Record excerpts →
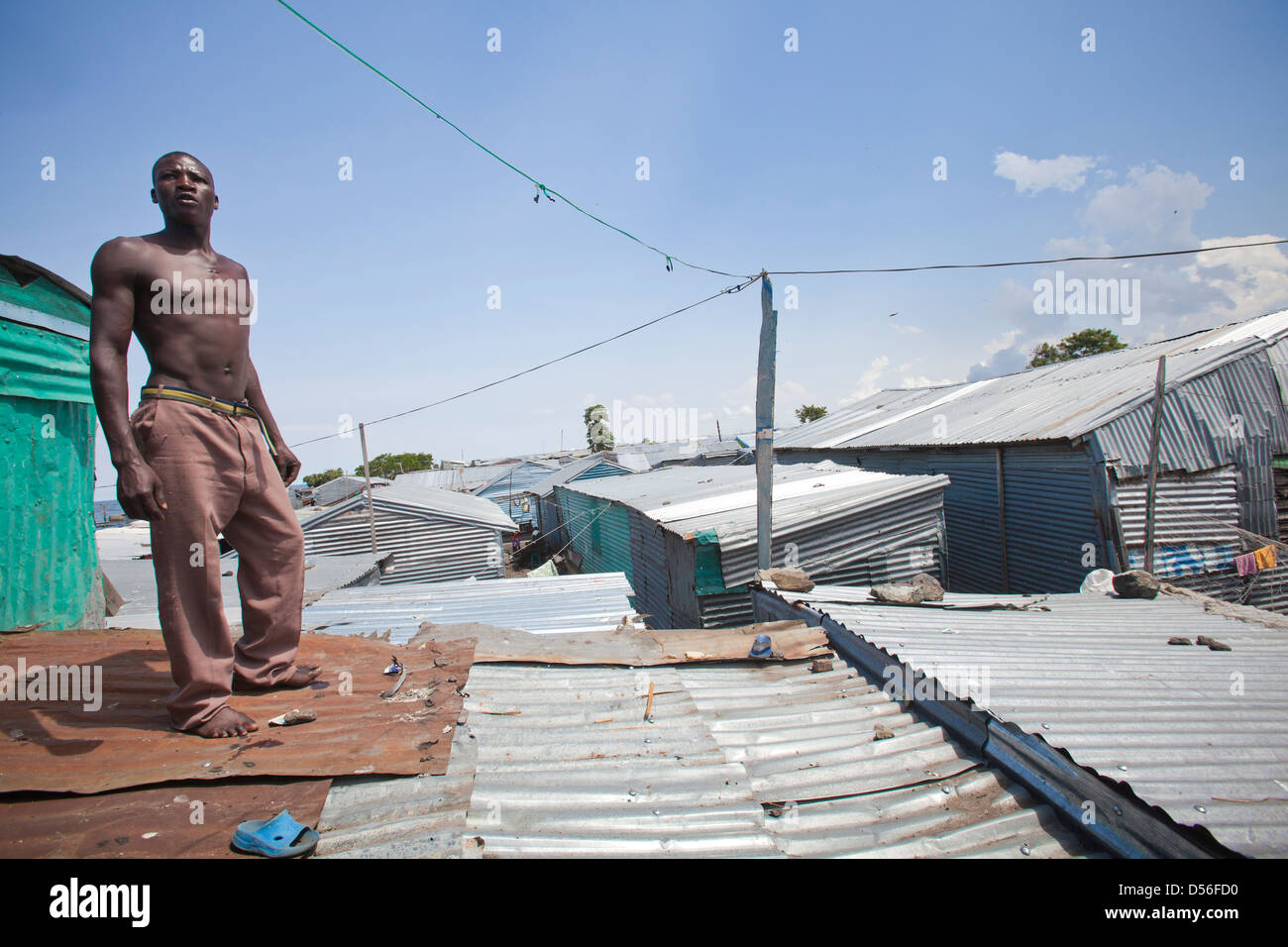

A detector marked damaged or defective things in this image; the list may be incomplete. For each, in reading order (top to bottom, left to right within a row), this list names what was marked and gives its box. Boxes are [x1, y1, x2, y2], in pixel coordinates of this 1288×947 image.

rusty corrugated sheet [0, 633, 474, 798]
rusty metal roof panel [762, 581, 1288, 855]
rusty corrugated sheet [2, 778, 332, 860]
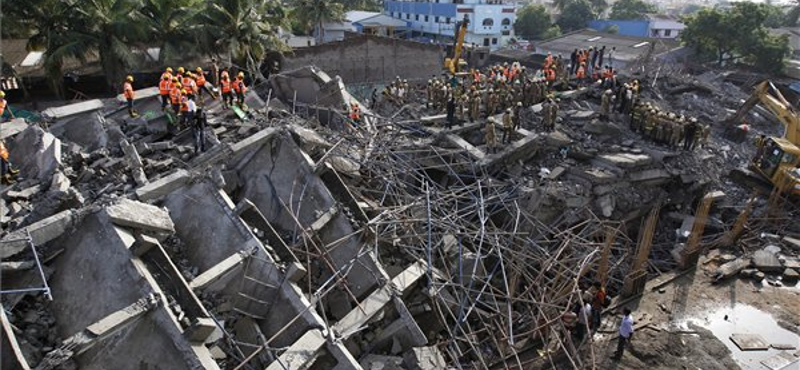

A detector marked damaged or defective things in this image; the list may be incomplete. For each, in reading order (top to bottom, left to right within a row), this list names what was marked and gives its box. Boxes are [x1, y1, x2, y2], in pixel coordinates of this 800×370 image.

broken concrete slab [41, 99, 104, 120]
broken concrete slab [7, 125, 62, 181]
broken concrete slab [135, 169, 191, 201]
broken concrete slab [104, 199, 175, 234]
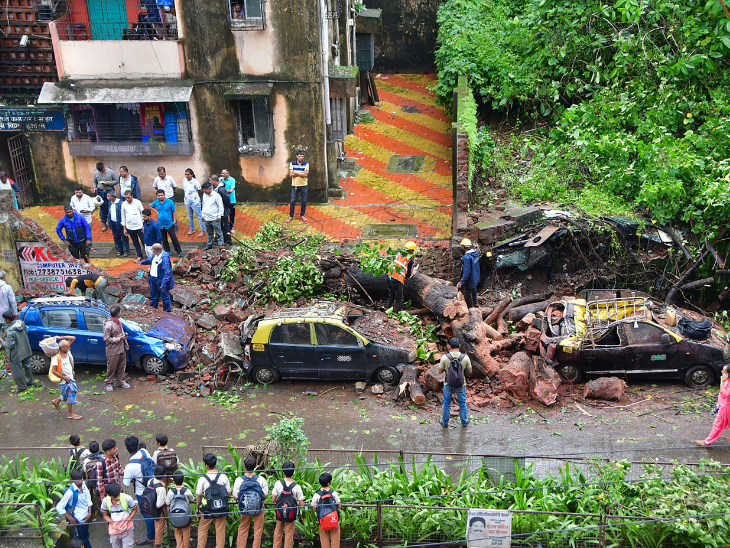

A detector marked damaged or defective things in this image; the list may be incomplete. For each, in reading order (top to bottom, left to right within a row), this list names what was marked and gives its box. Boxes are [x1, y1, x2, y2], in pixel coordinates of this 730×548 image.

damaged blue car [21, 296, 195, 376]
crushed car [21, 296, 195, 376]
crushed car [242, 300, 416, 386]
crushed car [536, 288, 724, 388]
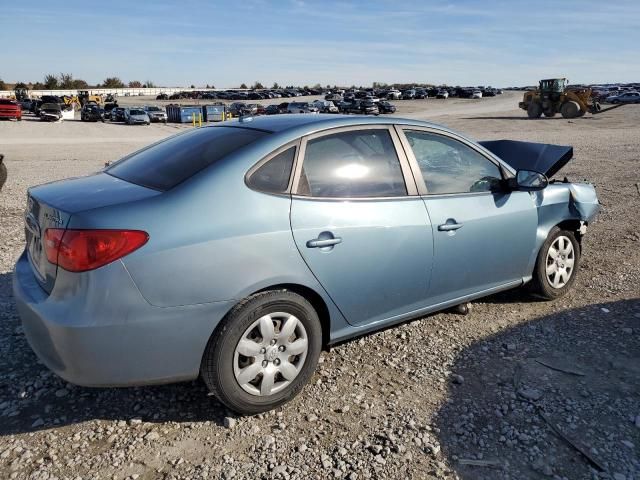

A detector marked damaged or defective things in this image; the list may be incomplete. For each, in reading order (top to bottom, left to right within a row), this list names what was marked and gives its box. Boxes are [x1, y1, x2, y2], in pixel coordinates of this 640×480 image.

damaged car [12, 114, 596, 414]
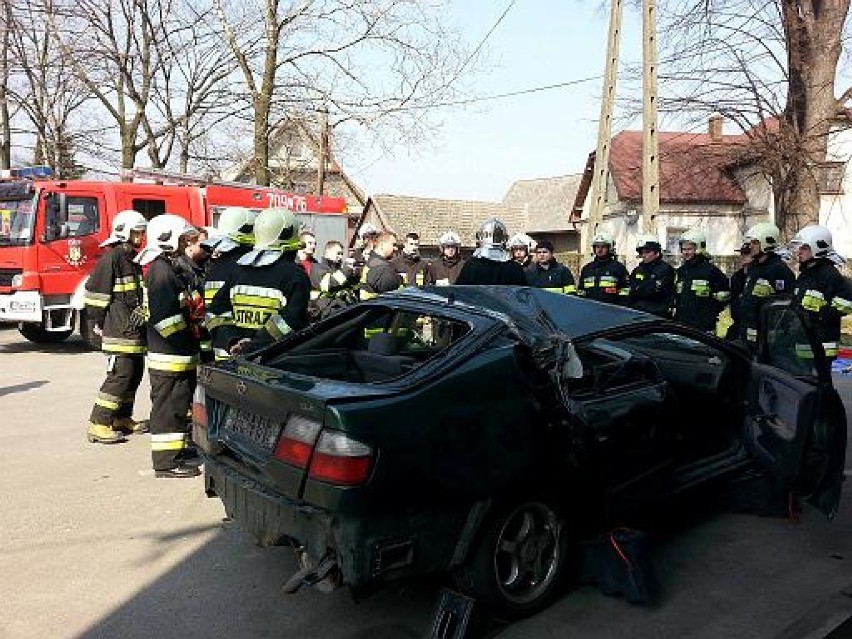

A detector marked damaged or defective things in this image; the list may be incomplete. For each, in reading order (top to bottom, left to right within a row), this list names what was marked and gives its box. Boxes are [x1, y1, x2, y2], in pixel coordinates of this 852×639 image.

dented car body [198, 288, 844, 616]
collapsed car roof [392, 286, 660, 342]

What is needed →
For each line above, output its wording exactly and leave out any picture.

Result below →
A detector marked damaged or defective things in this image; the list may be incomplete. For each, in reading order (top to bottom, left to right within a row), this list names what was marked and gives its box. Boxes are [x1, y1, x2, y2], in pixel coordinates of this 1288×947 image.

rusty corrugated sheet [0, 633, 474, 798]
rusty metal roof panel [762, 581, 1288, 855]
rusty corrugated sheet [2, 778, 332, 860]

A detector marked damaged or defective things in this image; the list may be incomplete. For each, in reading order (top to bottom, left to right within a row), this list names what was marked and gives its box. Boxes are [x1, y1, x2, y2], in pixel coordinates of this 800×370 image.

broken concrete slab [41, 99, 104, 120]
broken concrete slab [7, 125, 62, 181]
broken concrete slab [135, 169, 191, 201]
broken concrete slab [104, 199, 175, 234]

A detector marked damaged or defective things in this image; the list may be incomplete. For each, in reading order (top to bottom, left to right within a row), this list names what was marked and gives its box. Boxes are [x1, y1, x2, y2], in pixel coordinates of this 730×548 image.

damaged blue car [21, 296, 195, 376]
crushed car [21, 296, 195, 376]
crushed car [242, 300, 416, 386]
crushed car [536, 288, 724, 388]

A detector marked damaged or defective things in this image; the list may be incomplete. For each, in reading order (top to bottom, left to right within a row), this list names what was marked and gives its box. Boxes are [x1, y1, x2, y2], in pixel coordinates of this 640×480 image.

damaged car [12, 114, 596, 414]

A detector marked damaged or defective things in this image; the list may be incomplete. For each, in reading order (top to bottom, left to right within a row), this list names what was marked and gives its box. Boxes are [x1, y1, x2, y2], in pixel coordinates of this 852×639 image.

dented car body [198, 288, 844, 616]
collapsed car roof [392, 286, 660, 342]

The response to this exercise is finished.